На руках у матери четверо детей, младшему из которых – мне, нет и года. Отец лежит с острым сердечным заболеванием в больнице.
И мать написала Сталину.
Я не знаю, что она написала. О том ли, что она мать-героиня и потеряла старшего сына на фронте, что ей пришлось вынести блокаду с ребенком на руках, сдавать кровь и бегать тушить зажигалки, обложив дочку холодными подушками, и уже в конце сорок третьего назло Гитлеру родить еще одного Ленинградца; а Феликс в то время дичал без родительского глаза в эвакуации… Не знаю, что писала мать.
В детстве мне приходилось видеть среди треугольных писем хранящихся в шкатулке, лист плотной бумаги с несколькими лаконичными строками и, кажется, красным факсимиле: «И. Сталин (Джугашвили)».
Указ о помиловании Феликса вышел через полтора года.
Вернувшись в Ленинград, Феликс недолго поработал токарем на паровозоремонтном заводе, и его призвали в армию. Там ему повезло – он год проучился в военной авиационной школе под Киевом, получил диплом старшего радиомеханика и, перелетев на транспортном «Дугласе» всю страну, стал служить на Сахалине. С острова он слал матери деньги и подарки к праздникам, а однажды прислал отрез легкого темно-синего драпа на пальто. К драпу прилагалась вырезка из армейской газеты с фотографией Феликса и товарный чек со штампом военторга.Я вырос среди фотографий старших братьев, которых знал только по рассказам матери. И эти фотографии в застекленных рамках – привычно чистые, аккуратные – доводили меня до слез, когда мать подводила меня, провинившегося, к ним и качала головой:
– Не думали Лев с Броней, что их младший брат будет так плохо вести себя на уроках… Постой здесь и подумай хорошенько.
Мать выходила из комнаты, я пригибал голову, не решаясь смотреть в лицо замечательным братьям, представлял себе подвиги, которые они совершили, чтобы я мог учиться в советской школе и ходить с друзьями на демонстрации, и с моего носа начинали капать слезы – теплые и щекочущие. Я всхлипывал, стыдясь еще больше, и пытался вытирать их.

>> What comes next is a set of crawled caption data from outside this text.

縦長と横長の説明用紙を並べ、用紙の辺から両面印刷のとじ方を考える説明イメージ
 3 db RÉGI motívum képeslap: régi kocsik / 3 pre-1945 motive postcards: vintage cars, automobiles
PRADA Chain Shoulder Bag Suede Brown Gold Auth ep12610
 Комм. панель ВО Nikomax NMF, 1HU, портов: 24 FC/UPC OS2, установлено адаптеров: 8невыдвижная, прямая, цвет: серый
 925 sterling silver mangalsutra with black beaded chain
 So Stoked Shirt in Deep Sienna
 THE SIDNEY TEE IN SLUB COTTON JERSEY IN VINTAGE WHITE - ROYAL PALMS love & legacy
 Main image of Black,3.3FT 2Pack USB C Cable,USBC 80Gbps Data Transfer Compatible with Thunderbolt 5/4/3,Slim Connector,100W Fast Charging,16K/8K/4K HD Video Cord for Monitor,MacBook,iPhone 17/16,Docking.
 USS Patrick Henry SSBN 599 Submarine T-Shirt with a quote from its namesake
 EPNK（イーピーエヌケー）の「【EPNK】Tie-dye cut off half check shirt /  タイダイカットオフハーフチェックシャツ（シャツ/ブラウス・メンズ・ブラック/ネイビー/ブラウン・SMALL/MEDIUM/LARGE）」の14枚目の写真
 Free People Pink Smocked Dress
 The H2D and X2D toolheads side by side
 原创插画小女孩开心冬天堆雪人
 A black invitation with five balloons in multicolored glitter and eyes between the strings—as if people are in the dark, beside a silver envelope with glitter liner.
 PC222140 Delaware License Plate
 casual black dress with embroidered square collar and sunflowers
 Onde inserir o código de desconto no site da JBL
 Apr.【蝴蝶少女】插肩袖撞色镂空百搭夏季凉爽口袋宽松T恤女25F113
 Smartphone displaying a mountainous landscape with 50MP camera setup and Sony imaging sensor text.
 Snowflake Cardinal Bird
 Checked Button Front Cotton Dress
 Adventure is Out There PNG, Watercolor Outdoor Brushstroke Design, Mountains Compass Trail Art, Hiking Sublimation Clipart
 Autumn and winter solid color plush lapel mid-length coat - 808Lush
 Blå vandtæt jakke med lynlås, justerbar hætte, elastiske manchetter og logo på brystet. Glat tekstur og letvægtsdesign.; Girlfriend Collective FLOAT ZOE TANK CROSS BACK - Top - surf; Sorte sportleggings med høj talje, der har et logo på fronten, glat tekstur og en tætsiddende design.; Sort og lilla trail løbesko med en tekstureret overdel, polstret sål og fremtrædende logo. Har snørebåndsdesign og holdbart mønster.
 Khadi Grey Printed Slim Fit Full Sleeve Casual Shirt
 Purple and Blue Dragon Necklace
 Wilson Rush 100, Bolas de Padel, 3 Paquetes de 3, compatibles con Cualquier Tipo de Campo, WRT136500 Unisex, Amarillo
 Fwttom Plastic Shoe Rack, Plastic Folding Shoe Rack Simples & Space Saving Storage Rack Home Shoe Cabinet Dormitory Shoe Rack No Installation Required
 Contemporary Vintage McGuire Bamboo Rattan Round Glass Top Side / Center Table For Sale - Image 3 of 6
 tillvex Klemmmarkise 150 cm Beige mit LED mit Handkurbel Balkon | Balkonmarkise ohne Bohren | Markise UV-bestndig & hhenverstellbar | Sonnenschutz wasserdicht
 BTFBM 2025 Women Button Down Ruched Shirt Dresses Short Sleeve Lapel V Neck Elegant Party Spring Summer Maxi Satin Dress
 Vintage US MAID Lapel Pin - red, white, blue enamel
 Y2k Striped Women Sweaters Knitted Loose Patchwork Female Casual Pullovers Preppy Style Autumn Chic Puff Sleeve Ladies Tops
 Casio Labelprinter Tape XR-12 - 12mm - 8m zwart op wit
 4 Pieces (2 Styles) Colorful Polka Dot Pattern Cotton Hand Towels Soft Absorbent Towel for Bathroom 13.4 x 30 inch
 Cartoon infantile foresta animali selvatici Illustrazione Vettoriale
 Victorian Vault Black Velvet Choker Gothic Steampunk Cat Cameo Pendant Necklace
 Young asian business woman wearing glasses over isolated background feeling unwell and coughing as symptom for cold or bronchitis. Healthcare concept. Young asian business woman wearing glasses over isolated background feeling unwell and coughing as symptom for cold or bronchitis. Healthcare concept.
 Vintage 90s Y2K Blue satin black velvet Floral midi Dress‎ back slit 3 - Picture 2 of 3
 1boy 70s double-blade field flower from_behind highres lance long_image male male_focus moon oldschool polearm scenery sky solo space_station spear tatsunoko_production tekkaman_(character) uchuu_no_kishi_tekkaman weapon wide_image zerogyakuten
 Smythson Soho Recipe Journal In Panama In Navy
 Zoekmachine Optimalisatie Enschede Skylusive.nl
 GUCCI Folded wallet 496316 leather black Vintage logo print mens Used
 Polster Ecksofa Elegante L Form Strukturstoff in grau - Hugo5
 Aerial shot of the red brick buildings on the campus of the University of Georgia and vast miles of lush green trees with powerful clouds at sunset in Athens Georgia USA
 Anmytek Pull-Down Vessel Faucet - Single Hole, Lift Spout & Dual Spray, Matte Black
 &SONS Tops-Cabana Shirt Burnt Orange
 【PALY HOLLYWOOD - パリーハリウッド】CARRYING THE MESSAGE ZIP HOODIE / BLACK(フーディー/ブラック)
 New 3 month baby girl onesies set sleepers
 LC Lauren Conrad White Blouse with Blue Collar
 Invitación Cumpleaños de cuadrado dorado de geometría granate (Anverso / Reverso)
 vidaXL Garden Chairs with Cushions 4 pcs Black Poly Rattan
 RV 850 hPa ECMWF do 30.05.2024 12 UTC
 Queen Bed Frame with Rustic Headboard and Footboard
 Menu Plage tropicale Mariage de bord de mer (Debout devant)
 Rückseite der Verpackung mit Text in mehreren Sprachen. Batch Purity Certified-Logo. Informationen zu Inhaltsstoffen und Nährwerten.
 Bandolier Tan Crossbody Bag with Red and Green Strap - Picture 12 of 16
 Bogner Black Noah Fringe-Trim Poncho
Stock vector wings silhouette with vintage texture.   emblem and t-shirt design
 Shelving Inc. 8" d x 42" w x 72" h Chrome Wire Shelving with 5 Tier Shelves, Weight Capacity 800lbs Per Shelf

Мать входила, когда я уже давал себе зарок отныне вести себя только на отлично и ясными от принятого решения глазами смотрел на фотографии братьев.
После смерти матери фотографии еще какое-то время висели на стене и стояли на трюмо, но потом разошлись по рукам, и я смог их собрать очень не скоро…Старший брат – Лев.
В семейной шкатулке хранятся шесть его писем военных лет.
Четыре письма он написал матери из Тамбова, куда был отправлен в июне сорок первого на каникулы к тете Вере – сестре матери, и два – с фронта.